# Dataset Splitting


This notebook is used to split [Celeb-DF-v2](https://github.com/yuezunli/celeb-deepfakeforensics), [DeeperForensics-1.0](https://github.com/EndlessSora/DeeperForensics-1.0), and [DFDC](https://www.kaggle.com/c/deepfake-detection-challenge) dataset into train, validation, and test sets for deepfake detection research purposes. The [600 sampled videos](https://github.com/ramaastra/deepfake-detection-cnn-mc-dropout/tree/main/data-sampling) from the three datasets are splitted each with a ratio of 70%, 10%, and 20% respectively.


In [1]:
import os
import random
import shutil
import pandas as pd

## Define Dataset Path


### Face Extracted Dataset Directory


In [None]:
CDF_DIR = "/mnt/e/samples/extracted/Celeb-DF-v2"
DF_DIR = "/mnt/e/samples/extracted/DeeperForensics-1.0"
DFDC_DIR = "/mnt/e/samples/extracted/DFDC"

### Dataset Split Output Directory


In [None]:
CDF_OUTPUT_DIR = "/mnt/e/samples/split/Celeb-DF-v2"
DF_OUTPUT_DIR = "/mnt/e/samples/split/DeeperForensics-1.0"
DFDC_OUTPUT_DIR = "/mnt/e/samples/split/DFDC"

### Dataset Sample List Filepath


In [4]:
CDF_SAMPLE_LIST = "../data-sampling/celeb-df-v2-list.csv"
DF_SAMPLE_LIST = "../data-sampling/deeperforensics-1.0-list.csv"
DFDC_SAMPLE_LIST = "../data-sampling/dfdc-list.csv"

## Define Dataset Split Ratio


In [5]:
DATASET_SIZE = 200
NUM_LABELS = 2

TRAIN_RATIO = 0.7
VAL_RATIO = 0.1
TEST_RATIO = 0.2

In [6]:
train_size_per_label = int(DATASET_SIZE * TRAIN_RATIO / 2)
val_size_per_label = int(DATASET_SIZE * VAL_RATIO / 2)
test_size_per_label = int(DATASET_SIZE * TEST_RATIO / 2)

print(f"Train size per label\t: {train_size_per_label} video")
print(f"Val size per label\t: {val_size_per_label} video")
print(f"Test size per label\t: {test_size_per_label} video")

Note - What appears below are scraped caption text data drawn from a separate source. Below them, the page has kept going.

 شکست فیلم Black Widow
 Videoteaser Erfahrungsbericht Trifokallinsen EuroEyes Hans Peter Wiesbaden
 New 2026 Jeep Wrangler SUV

Train size per label	: 70 video
Val size per label	: 10 video
Test size per label	: 20 video


## Load Dataset Sample List into Dataframe


In [7]:
cdf_list_df = pd.read_csv(CDF_SAMPLE_LIST)
df_list_df = pd.read_csv(DF_SAMPLE_LIST)
dfdc_list_df = pd.read_csv(DFDC_SAMPLE_LIST)

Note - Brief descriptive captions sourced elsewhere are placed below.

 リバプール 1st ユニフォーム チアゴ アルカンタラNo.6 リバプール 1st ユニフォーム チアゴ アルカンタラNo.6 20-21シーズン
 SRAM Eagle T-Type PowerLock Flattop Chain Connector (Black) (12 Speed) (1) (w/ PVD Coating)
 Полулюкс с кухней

print("Dataframe example:")
cdf_list_df.head()

Dataframe example:


Unnamed: 0,file,label
0,Celeb-DF-v2/Celeb-synthesis/id23_id3_0003.mp4,deepfake
1,Celeb-DF-v2/Celeb-synthesis/id53_id56_0009.mp4,deepfake
2,Celeb-DF-v2/Celeb-synthesis/id17_id26_0009.mp4,deepfake
3,Celeb-DF-v2/Celeb-synthesis/id54_id51_0008.mp4,deepfake
4,Celeb-DF-v2/Celeb-synthesis/id59_id60_0006.mp4,deepfake


## Split the Dataset


In [8]:
def remove_sampled_data(data, sample):
    return [value for value in data if value not in sample]


def train_val_test_split(df):
    deepfakes = df[df["label"] == "deepfake"].get("file").values
    real_vids = df[df["label"] == "real"].get("file").values

    indices = range(len(df) // NUM_LABELS)

    # Take train sample
    train_indices = random.sample(indices, train_size_per_label)
    indices = remove_sampled_data(indices, train_indices)

    # Take validation sample
    val_indices = random.sample(indices, val_size_per_label)
    indices = remove_sampled_data(indices, val_indices)

    # Take test sample
    test_indices = random.sample(indices, test_size_per_label)
    indices = remove_sampled_data(indices, test_indices)

    train_deepfakes = [deepfakes[i] for i in train_indices]
    val_deepfakes = [deepfakes[i] for i in val_indices]
    test_deepfakes = [deepfakes[i] for i in test_indices]

    train_real_vids = [real_vids[i] for i in train_indices]
    val_real_vids = [real_vids[i] for i in val_indices]
    test_real_vids = [real_vids[i] for i in test_indices]

    data = {"file_id": [], "label": [], "split": []}

    # Add file ids to dict
    data["file_id"] += train_deepfakes + train_real_vids
    data["file_id"] += val_deepfakes + val_real_vids
    data["file_id"] += test_deepfakes + test_real_vids

    # Add labels to dict
    data["label"] += ["deepfake" for _ in range(len(train_deepfakes))]
    data["label"] += ["real" for _ in range(len(train_real_vids))]
    data["label"] += ["deepfake" for _ in range(len(val_deepfakes))]
    data["label"] += ["real" for _ in range(len(val_real_vids))]
    data["label"] += ["deepfake" for _ in range(len(test_deepfakes))]
    data["label"] += ["real" for _ in range(len(test_real_vids))]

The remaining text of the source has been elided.